TO ROAST PHEASANTS, PARTRIDGES, QUAILS OR GROUSE.
Pick and draw the birds immediately after they are brought in. Before you roast them, fill the inside with pieces of a fine ripe orange, leaving out the rind and seeds. Or stuff them with grated cold ham, mixed with bread-crumbs, butter, and a little yolk of egg. Lard them with small slips of the fat of bacon drawn through the flesh with a larding needle. Roast them before a clear fire.
Make a fine rich gravy of the trimmings of meat or poultry, stewed in a little water, and thickened with a spoonful of browned flour. Strain it, and set it on the fire again, having added half a pint of claret, and the juice of two large oranges. Simmer it for a few minutes, pour some of it into the dish with the game, and serve the remainder in a boat.
If you stuff them with force-meat, you may, instead of larding, brush them all over with beaten yolk of egg, and then cover them with bread-crumbs grated finely and sifted.

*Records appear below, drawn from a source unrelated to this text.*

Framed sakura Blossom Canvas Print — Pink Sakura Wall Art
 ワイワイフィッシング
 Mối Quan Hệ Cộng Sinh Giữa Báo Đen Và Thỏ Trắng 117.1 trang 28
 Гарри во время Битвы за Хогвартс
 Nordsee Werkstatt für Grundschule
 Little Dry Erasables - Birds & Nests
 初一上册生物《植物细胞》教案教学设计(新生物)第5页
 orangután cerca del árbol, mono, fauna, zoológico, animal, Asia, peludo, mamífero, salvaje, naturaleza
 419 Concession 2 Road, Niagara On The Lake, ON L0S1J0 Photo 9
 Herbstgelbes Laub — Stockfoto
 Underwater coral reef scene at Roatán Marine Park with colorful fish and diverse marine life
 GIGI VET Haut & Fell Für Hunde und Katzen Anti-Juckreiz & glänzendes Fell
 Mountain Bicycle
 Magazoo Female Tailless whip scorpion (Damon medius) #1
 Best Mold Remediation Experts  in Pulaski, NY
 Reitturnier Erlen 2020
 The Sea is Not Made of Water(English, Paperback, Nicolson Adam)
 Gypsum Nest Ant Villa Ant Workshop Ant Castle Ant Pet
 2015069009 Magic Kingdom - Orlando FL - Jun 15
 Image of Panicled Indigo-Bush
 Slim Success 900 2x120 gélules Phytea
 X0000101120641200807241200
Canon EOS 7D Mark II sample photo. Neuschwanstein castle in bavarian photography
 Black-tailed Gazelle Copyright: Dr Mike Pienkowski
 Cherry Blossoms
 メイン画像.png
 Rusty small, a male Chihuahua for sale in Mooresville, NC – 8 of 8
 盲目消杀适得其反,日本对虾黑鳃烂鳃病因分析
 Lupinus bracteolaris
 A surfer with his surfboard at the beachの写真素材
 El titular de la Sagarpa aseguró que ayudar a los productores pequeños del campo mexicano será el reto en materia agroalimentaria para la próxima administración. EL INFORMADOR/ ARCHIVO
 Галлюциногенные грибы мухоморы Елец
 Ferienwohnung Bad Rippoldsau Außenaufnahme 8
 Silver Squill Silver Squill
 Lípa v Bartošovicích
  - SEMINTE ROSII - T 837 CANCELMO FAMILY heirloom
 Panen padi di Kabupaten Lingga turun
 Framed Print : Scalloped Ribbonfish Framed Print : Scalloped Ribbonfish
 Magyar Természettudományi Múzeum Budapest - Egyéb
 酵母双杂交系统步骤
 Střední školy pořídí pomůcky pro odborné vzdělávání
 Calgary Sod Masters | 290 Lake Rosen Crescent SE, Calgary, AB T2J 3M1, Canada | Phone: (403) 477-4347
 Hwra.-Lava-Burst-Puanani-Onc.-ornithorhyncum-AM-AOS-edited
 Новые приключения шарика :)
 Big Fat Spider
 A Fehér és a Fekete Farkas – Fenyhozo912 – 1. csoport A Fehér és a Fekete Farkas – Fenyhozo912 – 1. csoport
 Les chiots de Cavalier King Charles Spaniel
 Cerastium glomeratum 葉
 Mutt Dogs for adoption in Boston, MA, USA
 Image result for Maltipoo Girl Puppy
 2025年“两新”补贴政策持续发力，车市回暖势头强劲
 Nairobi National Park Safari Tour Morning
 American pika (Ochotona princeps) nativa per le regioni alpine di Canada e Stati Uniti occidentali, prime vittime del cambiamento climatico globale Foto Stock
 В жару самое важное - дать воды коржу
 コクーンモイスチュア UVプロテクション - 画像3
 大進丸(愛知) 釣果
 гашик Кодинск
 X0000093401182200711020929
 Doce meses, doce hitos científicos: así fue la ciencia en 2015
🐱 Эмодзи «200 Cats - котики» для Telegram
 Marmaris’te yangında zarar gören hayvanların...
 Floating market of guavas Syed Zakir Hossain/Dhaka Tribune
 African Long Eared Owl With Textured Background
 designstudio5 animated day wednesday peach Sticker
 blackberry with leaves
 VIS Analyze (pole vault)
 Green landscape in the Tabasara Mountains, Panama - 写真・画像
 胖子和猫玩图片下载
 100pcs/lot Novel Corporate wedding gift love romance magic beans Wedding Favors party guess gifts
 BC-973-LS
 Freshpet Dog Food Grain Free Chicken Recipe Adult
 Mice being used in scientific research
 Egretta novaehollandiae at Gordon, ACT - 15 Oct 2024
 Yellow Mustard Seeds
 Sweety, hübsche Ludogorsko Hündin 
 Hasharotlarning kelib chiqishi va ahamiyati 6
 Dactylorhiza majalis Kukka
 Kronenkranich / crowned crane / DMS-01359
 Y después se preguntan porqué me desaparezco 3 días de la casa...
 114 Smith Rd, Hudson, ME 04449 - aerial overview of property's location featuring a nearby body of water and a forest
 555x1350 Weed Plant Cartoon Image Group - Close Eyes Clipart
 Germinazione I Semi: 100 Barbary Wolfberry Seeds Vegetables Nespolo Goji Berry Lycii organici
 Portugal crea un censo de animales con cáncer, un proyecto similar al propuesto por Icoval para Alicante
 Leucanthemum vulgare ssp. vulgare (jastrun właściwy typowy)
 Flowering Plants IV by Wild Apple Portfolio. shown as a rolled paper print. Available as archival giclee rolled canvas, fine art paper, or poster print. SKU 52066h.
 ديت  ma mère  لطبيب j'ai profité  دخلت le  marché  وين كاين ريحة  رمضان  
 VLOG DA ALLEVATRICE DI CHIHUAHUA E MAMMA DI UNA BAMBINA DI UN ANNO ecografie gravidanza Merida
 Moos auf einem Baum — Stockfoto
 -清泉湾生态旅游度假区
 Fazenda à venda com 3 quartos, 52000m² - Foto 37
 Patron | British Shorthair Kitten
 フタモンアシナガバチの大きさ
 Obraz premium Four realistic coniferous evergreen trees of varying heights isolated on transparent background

ANOTHER WAY TO ROAST PHEASANTS, PARTRIDGES, &c.
Chop some fine raw oysters, omitting the hard part; mix them with salt, and nutmeg, and add some beaten yolk of egg to bind the other ingredients. Cut some very thin slices of cold ham or bacon, and cover the birds with them; then wrap them closely in sheets of white paper well buttered, put them on the spit, and roast them before a clear fire.
Send them to table with oyster-sauce in a boat.
Pies may be made of any of these birds in the same manner as a pigeon pie.